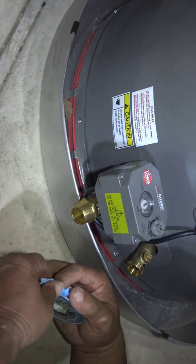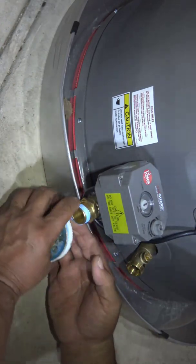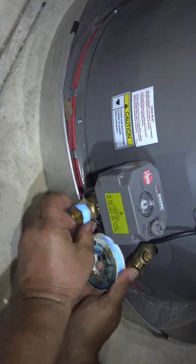Now you can see the little red strip down at the bottom of the water heater, and this piece that I am applying Teflon tape to in order to screw it in.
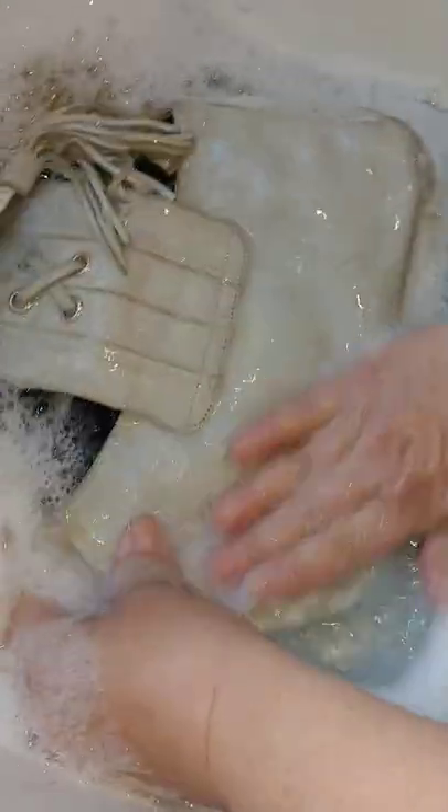We watched a video where this guy washed his bag in soap and water. His bag didn't have a liner and didn't have the shells or tassels on the outside. He did wash it really hard by hand, and then once he felt like it was done he just let it dry — about a day and a half later he conditioned it with leather conditioner.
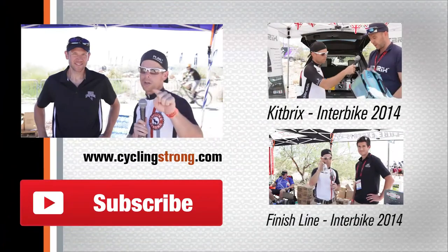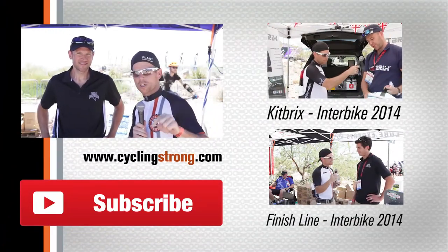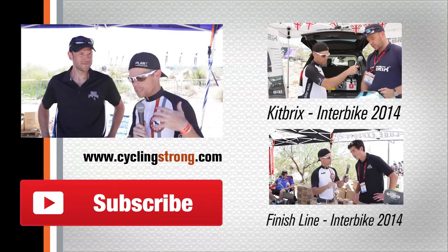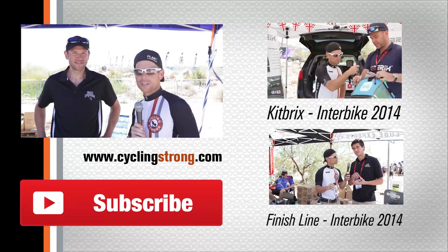We'll be talking to you soon. Make sure you're out there riding your bike, having fun, keep cycling strong. If you have any questions, make sure you ask them below. If you have any comments, do that. We'll give these guys a link — they'll check it out and can answer your questions too. Talk to you soon.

• [ABOUT THIS EXERCISE] Send back every line above exactly, skipping all pictures.

• [WRITTEN SOLUTION]
Now you can see the little red strip down at the bottom of the water heater, and this piece that I am applying Teflon tape to in order to screw it in.
We watched a video where this guy washed his bag in soap and water. His bag didn't have a liner and didn't have the shells or tassels on the outside. He did wash it really hard by hand, and then once he felt like it was done he just let it dry — about a day and a half later he conditioned it with leather conditioner.
We'll be talking to you soon. Make sure you're out there riding your bike, having fun, keep cycling strong. If you have any questions, make sure you ask them below. If you have any comments, do that. We'll give these guys a link — they'll check it out and can answer your questions too. Talk to you soon.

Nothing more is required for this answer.